Not only do newer versions of Android give users control over granting each permission to an app that requests it, thus slowing down privilege escalation attacks that have been possible in the past. But Android 7.1 actually rolls back permissions, which have been granted in the past. When we upgrade, the apps are optimized in such a way that many of their permissions default to Not Granted, until an effort is made by the user to Grant Them.
Further, since version 6.0.1 , Android has a feature called Doze. What it seems to do is cancel alarms which apps had set, to wake themselves again in the background. It cuts down significantly on the battery consumption of a fully up-to-date Google Pixel C.

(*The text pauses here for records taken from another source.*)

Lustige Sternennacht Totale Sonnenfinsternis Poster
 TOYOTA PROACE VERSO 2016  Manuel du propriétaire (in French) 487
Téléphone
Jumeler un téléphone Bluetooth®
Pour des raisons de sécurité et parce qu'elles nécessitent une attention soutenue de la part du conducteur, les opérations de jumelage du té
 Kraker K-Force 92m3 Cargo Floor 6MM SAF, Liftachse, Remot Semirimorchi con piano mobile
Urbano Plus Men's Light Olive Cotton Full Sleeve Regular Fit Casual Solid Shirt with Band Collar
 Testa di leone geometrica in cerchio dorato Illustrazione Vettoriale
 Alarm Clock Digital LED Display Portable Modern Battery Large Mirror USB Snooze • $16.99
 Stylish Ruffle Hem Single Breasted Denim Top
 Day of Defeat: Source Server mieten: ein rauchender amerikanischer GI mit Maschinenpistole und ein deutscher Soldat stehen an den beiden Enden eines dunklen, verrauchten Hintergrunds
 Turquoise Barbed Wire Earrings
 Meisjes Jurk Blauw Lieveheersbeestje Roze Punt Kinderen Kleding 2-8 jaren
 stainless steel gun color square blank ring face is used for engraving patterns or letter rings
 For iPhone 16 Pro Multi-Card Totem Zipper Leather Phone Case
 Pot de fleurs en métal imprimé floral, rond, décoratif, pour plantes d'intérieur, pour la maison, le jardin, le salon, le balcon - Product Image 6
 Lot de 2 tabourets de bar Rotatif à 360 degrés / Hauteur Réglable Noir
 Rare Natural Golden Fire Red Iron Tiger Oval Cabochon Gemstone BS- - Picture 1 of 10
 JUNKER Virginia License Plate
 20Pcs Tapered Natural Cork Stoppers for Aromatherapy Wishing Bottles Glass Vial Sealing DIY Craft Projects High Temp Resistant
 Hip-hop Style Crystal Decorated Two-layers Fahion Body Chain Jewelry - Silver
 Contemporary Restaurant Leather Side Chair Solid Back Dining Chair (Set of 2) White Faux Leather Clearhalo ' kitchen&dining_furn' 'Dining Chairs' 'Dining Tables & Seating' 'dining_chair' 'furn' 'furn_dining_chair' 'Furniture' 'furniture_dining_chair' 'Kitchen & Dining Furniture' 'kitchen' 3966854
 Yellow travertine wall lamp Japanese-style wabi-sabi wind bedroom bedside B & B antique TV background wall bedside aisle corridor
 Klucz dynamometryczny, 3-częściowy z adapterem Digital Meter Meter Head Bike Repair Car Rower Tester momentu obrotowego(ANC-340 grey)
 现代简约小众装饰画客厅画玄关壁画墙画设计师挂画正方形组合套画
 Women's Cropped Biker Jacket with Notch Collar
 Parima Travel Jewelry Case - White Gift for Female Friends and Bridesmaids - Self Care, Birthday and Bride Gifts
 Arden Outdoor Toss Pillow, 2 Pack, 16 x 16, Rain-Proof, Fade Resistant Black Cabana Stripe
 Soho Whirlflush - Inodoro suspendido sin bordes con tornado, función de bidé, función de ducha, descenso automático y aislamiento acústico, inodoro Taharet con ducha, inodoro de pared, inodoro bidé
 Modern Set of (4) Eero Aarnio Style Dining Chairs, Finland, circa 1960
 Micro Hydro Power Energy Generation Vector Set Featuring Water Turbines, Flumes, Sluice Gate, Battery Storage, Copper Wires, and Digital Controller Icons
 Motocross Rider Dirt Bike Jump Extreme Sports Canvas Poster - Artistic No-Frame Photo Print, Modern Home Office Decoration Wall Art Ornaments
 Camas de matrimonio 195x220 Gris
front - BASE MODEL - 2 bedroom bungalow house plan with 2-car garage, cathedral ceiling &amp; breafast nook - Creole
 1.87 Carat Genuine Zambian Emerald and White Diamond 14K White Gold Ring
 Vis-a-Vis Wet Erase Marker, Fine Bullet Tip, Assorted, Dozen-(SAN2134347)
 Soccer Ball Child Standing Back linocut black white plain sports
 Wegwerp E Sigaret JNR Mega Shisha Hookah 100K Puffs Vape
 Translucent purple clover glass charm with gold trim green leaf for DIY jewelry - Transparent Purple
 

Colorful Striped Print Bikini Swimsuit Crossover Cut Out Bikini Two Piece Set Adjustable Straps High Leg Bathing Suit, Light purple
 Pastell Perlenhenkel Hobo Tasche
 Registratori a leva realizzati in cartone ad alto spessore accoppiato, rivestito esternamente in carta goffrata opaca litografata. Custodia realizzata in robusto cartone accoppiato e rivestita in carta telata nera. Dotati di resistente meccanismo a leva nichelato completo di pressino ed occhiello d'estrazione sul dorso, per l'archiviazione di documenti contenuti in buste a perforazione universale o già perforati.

Unfortunately, this also interferes with how the email apps Kaiten and K-9 work, which try to poll the email servers at regular, user-configured intervals, but which eventually stall in their older way of doing so, instead displaying the message ‘Sync Disabled’. On my own Pixel C, I have had to whitelist the Kaiten app, to exclude it from Battery Optimization manually, so that now it is fetching emails from the server again.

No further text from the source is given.